Tidymodels using tune_race_anova with a workflow

Max · February 3, 2021, 2:01pm

There were three problems:

There isn't a perf argument; I think you meant metrics. I didn't see that either when I looked at your code.
In the recipe, step_dummy(all_nominal()) was capturing the outcome. This happens a lot and the devel version of recipes has all_nominal_predictors(). Until then, use step_dummy(all_nominal(), -Status). However, the ranger package does not require dummy variables for predictors, so you can skip that if you want.
The grid code returns the parameters. You could pass this to the param_info argument or make the grid with one of the grid functions, such as

rf_grid <- dials::parameters(
   finalize(mtry(), select(credit_data, -Status)),
   trees(),
   min_n()) %>% 
   grid_random(5)

One other thing... this data set has some missing values so you might want to add one of the imputation steps to the recipe (otherwise ranger will error).

Here's my script:

library(tidyverse)
library(tidymodels)
library(finetune)

set.seed(4595)
data("credit_data")

credit_data <- credit_data %>% na.omit()

data_split <- initial_split(credit_data, strata = "Status", prop = 0.75)

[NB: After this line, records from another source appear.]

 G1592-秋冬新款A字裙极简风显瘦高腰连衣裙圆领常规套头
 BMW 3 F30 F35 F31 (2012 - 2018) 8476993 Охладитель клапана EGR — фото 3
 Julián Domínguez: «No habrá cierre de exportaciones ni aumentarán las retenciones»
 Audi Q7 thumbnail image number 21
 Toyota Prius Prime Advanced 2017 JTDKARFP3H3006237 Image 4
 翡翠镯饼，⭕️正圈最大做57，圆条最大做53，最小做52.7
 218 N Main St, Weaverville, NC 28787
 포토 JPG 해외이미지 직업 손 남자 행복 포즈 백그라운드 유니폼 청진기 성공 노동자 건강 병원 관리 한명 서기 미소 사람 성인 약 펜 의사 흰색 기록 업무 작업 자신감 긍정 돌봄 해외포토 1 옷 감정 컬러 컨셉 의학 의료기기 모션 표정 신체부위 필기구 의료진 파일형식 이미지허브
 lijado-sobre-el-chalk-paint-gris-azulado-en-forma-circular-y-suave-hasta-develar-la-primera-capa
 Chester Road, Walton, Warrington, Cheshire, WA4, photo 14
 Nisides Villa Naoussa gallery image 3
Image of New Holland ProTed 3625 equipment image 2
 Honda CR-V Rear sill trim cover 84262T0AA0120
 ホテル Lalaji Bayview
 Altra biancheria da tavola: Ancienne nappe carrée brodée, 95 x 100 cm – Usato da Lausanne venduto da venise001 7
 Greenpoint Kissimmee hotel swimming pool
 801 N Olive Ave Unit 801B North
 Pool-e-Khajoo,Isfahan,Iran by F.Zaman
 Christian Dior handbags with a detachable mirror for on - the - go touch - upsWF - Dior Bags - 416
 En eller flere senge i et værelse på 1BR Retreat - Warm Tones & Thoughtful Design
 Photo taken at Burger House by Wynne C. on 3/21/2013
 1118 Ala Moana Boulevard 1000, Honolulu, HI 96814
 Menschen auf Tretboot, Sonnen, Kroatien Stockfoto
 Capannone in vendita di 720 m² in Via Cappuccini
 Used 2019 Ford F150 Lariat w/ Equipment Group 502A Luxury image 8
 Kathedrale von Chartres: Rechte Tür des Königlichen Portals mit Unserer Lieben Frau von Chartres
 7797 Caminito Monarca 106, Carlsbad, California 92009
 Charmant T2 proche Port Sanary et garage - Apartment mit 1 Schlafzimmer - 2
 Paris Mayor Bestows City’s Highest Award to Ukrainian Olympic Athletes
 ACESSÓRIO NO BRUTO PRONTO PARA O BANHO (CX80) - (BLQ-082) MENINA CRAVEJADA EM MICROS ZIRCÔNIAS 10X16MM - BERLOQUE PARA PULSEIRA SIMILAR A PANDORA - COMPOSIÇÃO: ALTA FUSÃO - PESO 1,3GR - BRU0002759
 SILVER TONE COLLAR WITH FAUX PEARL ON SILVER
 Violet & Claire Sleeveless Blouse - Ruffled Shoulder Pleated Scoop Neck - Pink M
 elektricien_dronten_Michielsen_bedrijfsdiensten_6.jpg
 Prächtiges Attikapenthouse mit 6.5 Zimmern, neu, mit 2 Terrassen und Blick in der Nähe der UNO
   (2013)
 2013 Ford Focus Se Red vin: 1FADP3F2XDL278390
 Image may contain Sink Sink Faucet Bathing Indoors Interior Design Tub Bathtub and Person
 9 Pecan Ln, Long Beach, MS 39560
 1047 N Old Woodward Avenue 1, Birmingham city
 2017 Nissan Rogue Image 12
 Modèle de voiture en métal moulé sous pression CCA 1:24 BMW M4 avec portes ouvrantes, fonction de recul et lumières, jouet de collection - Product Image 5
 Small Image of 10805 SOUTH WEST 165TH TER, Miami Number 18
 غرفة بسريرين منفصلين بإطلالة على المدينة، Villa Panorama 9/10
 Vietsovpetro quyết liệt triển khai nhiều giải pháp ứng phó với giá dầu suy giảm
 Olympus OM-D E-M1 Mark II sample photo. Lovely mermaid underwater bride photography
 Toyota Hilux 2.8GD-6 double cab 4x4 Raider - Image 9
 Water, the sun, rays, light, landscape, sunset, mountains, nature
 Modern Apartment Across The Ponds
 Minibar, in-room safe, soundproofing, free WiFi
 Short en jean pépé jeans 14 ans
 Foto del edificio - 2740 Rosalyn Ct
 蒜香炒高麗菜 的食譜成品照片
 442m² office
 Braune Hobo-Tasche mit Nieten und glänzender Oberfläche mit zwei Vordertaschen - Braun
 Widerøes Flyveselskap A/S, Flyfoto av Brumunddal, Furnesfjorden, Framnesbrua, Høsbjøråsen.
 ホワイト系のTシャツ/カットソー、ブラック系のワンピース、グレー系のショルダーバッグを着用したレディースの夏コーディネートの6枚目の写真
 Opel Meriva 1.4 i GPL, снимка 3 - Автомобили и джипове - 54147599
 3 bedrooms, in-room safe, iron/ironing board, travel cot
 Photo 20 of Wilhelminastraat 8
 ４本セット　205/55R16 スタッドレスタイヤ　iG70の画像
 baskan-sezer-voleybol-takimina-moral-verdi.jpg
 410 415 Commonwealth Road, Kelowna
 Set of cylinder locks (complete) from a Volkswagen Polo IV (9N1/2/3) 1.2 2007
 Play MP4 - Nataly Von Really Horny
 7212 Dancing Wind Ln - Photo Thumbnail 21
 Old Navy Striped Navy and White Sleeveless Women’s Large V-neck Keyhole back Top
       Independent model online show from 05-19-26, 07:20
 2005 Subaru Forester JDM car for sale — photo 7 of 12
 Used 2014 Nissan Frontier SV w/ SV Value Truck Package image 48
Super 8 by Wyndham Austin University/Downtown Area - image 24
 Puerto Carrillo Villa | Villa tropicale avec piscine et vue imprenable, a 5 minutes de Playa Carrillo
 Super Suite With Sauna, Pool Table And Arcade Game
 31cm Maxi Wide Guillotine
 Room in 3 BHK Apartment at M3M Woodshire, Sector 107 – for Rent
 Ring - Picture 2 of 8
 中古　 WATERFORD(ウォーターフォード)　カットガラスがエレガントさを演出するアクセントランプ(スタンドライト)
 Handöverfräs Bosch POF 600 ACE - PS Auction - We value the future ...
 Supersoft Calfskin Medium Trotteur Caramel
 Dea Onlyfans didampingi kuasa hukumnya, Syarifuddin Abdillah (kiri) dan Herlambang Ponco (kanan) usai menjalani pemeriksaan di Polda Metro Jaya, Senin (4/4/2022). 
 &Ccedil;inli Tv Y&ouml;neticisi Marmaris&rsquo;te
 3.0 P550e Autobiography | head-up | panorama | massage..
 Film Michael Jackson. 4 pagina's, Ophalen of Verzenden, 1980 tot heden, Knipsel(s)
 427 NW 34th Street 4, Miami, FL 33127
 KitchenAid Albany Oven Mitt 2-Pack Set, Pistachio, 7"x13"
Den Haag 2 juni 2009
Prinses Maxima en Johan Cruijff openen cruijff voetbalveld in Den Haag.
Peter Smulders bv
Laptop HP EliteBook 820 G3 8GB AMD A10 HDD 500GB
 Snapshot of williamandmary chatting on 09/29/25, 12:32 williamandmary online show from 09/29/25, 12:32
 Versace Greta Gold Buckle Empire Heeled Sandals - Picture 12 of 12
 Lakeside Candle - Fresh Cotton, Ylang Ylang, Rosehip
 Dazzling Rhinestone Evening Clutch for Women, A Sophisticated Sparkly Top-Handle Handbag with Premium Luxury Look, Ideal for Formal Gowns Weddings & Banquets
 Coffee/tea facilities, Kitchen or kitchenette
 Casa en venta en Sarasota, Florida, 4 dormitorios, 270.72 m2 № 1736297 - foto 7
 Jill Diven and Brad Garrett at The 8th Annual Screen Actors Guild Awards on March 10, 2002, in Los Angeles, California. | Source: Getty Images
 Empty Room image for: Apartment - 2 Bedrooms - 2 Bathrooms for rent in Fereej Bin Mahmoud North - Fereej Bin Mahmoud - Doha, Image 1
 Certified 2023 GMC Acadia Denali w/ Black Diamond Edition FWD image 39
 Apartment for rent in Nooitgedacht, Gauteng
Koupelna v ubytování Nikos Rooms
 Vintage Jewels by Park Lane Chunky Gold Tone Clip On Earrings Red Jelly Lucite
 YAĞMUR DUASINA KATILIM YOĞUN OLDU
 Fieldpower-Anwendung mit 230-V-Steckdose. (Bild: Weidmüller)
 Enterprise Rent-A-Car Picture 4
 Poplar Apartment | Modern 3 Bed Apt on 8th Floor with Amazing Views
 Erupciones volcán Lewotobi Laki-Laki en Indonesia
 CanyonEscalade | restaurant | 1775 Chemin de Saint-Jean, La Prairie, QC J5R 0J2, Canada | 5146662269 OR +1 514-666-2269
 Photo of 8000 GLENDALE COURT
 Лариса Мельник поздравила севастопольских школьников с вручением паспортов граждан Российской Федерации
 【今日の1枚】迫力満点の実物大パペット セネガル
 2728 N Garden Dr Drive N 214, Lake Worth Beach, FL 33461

train_explore <- training(data_split)
test_explore  <- testing(data_split)

# Generate resamples and repeat
report_resamples <- vfold_cv(train_explore, v = 10, repeats = 1, strata = Status)

# Set up the model definition
preprocess <- train_explore %>%
   recipe(Status ~ .) %>%
   themis::step_downsample(Status) 

# BUILD A RANDOM FOREST MODEL ---------------------------------------------
rf_mod <- rand_forest(
   mtry = tune(),
   trees = tune(),
   min_n = tune()) %>%
   set_mode("classification") %>%
   set_engine("ranger")

rf_grid <- dials::parameters(
   finalize(mtry(), select(credit_data, -Status)),
   trees(),
   min_n()) %>% 
   grid_random(5)

tune_wf <- workflow() %>%
   add_recipe(preprocess) %>%
   add_model(rf_mod)

set.seed(345)
tune_res_rf <- tune_race_anova(tune_wf,
                               resamples = report_resamples,
                               grid = rf_grid,
                               metrics = metric_set(roc_auc, sens, kap, accuracy)
)